Task brief
Lines with the word "Real" in them are the ones to copy from the records.

━━ Raw data

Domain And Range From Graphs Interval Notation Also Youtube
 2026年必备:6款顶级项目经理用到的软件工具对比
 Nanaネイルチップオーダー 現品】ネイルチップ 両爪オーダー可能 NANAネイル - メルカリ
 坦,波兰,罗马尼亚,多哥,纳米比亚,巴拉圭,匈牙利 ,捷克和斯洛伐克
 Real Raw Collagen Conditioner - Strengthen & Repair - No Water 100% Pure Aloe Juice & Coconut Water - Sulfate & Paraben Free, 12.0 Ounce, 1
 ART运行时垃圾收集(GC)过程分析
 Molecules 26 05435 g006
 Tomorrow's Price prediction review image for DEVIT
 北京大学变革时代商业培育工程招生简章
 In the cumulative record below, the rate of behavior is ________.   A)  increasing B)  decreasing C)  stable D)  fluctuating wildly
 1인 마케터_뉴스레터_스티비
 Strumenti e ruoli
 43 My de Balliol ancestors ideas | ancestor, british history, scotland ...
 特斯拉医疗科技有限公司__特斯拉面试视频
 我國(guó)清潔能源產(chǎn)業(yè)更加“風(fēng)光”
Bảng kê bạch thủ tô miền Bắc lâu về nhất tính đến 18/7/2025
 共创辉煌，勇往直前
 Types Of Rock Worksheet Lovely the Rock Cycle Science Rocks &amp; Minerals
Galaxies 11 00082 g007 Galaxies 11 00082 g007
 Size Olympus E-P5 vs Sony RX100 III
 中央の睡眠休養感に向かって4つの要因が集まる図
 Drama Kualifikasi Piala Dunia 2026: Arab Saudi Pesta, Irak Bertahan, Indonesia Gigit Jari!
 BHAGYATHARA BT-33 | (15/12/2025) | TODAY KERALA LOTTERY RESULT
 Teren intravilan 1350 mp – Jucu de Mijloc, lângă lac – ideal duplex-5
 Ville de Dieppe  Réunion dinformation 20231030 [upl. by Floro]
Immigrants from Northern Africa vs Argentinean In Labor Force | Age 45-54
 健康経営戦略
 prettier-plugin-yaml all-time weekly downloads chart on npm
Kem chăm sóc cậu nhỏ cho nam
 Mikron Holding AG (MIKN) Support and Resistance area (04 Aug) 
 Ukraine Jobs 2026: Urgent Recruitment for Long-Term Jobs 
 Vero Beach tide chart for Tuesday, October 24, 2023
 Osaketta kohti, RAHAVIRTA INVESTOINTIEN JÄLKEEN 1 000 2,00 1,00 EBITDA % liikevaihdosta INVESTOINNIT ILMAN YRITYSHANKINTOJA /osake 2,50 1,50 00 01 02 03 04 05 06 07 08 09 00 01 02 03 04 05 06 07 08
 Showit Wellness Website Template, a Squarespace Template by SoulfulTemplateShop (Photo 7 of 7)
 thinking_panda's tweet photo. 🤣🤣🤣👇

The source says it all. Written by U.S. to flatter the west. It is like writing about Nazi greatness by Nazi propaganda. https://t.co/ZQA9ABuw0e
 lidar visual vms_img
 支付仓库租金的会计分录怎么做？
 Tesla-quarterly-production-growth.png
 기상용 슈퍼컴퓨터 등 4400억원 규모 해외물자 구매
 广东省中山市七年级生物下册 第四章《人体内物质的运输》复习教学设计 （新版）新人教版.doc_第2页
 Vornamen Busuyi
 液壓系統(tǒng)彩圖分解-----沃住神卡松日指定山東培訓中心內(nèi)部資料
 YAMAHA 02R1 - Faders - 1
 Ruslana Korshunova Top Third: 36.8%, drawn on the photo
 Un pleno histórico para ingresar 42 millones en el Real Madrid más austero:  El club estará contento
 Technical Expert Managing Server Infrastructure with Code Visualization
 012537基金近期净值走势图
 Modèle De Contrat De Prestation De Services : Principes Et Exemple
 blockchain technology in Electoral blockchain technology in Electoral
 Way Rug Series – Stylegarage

━━━━

Task solution
 Real Raw Collagen Conditioner - Strengthen & Repair - No Water 100% Pure Aloe Juice & Coconut Water - Sulfate & Paraben Free, 12.0 Ounce, 1
 Un pleno histórico para ingresar 42 millones en el Real Madrid más austero:  El club estará contento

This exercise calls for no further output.